Egoisme berkembang seperti jamur di musim hujan. Manusia terobsesi dengan dirinya sendiri. Hiruk pikuk konsumerisme di sana sini menjadi semangat pribadi, tetapi tidak mempunyai perasaan terhadap dunia dan tidak memiliki tanggungjawab sosial.
Lantas, dalam situasi demikian, apakah kita bisa mendengar Yohanes dari Salib ? Sangat bisa, jawabannya.
"Dia adalah seorang guru yang membawa pesan kebebasan, kebebasan yang memungkinkan kita menjadi sadar akan diri dan pribadi kita sepenuhnya," tegas Wilfrid McGreal. Justru, dalam kondisi dewasa kini, Yohanes dari Salib menantang pembacanya. Ajarannya, justru tentang hal-hal yang mendasar yang sering diabaikan manusia dewasa kini.

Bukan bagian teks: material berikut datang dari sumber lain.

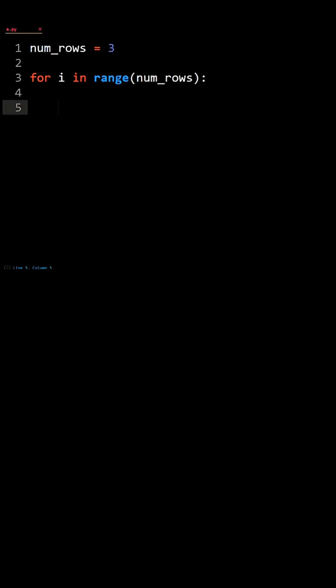Next, we'll declare the number of spaces. The number of spaces is num_rows minus i minus 1.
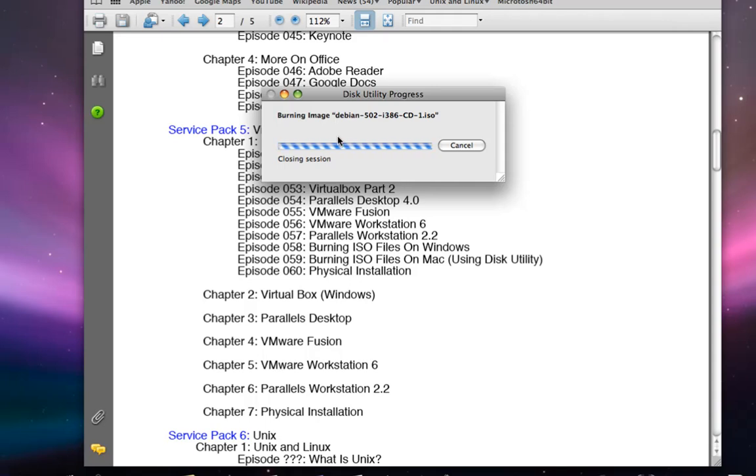We're going to stop the video here and in the next video we're going to go ahead and test the disk image and make sure that it runs nice.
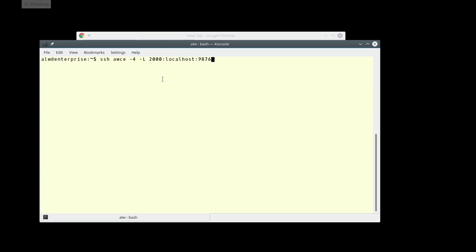The command is SSH with AWC as the shortcut for my hostname — that's not only the IP address but it's also got the certificate, so I don't need a password. I'm using version 4 of TCP/IP, and the dash-L is the local port forward. The local port is 2000, and on the remote side it uses port 9876 on localhost of the remote side. So when you hit port 2000 on my box, it's going to hit port 9876 on the remote box through SSH — it'll be encrypted, and you have to be logged in through SSH to do that.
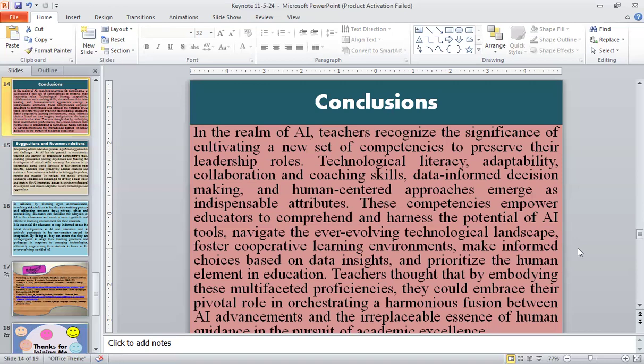By embodying these multifaceted proficiencies, teachers can embrace their pivotal role in bridging the gap between AI advancements and the irreplaceable essence of human connection in education.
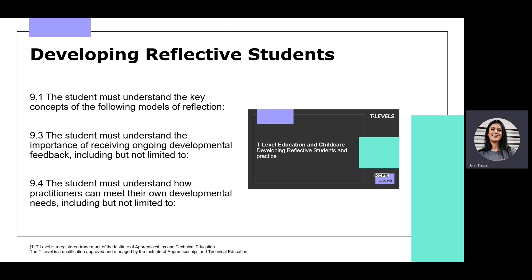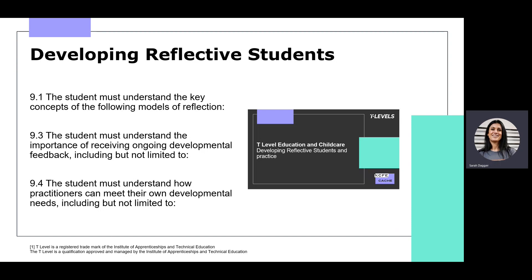That then goes into 9.4 where students will be demonstrating how they can meet their own developmental needs and what else they need to do as practitioners. This is a really exciting way for students to finish off the ESP, where they get to celebrate their own successes but also put into practice that key skill of any early years teacher or assistant teaching student going into practice — that they are a reflective practitioner.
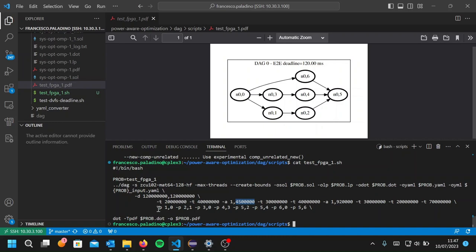Finally, you specify the precedence relationships between the nodes of the DAGs using the minus B option. Using these options here, the optimizer will, by default, find the optimal configuration showing the minimum power consumption on average on the hardware platform.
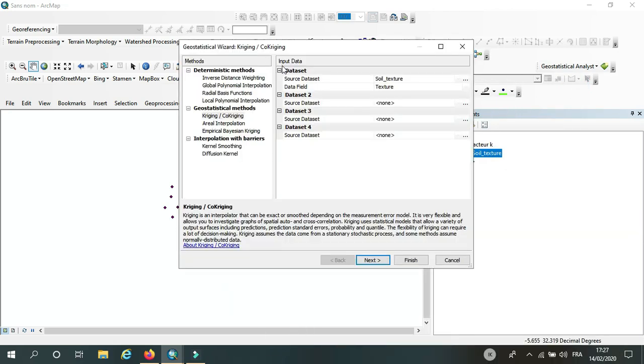me many options or methods. So here we are talking about geostatistical methods. I'm going to use kriging and...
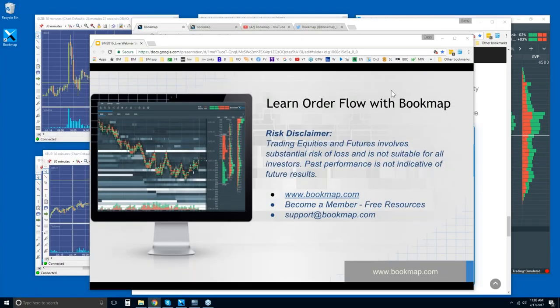Welcome to this week's webinar series. We'll go through the order flow in Bookmap and what Bookmap is showing you, how to use it, and showing you live markets applying this knowledge within a live environment. You're able to understand what you're looking at and then start to anticipate and utilize this tool within your trading methodology.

Membaca buku ini, tidak saja membangkitkan semangat kerohanian dan menyegarkan, tetapi lebih jauh melihat diri dan menggugatnya, ketika jiwa terbelenggu dalam arus zaman.
Mungkin hal itu tidak mengenakkan dan tidak memuaskan keinginan kita untuk selalu dihibur dan dibuai sampai mati. Kalaupun boleh dikatakan sebagai satu-satunya hiburan ketika kita mengalami kegelapan adalah Salib Tuhan Yesus. Seperti Yohanes dari Salib mengikuti jejak Yesus Kristus, mengikuti salib-Nya. Lantas, kita tidak sendirian lagi.
"Dia adalah seorang guru yang membawa pesan kebebasan, kebebasan yang memungkinkan kita menjadi sadar akan diri dan pribadi kita sepenuhnya," tegas Wilfrid McGreal. Justru, dalam kondisi dewasa kini, Yohanes dari Salib menantang pembacanya. Ajarannya, justru tentang hal-hal yang mendasar yang sering diabaikan manusia dewasa kini.
Buku ini pada akhir babnya disandingkan dengan pendekatan psikologi kontemporer berkaitan dengan bimbingan rohani. Ini penting karena orang yang ingin mencapai kematangan rohani, membutuhkan bimbingan rohani dengan pembimbingan rohani yang tidak hanya sekedar bijaksana dan cermat, tetapi juga berpengalaman. Selamat membaca dan dibimbing Yohanes dari Salib...
Daniel Setyo Wibowo
Catatan : tinjauan ini pernah dimuat dalam blog pribadi tanggal 7 Oktober 2012.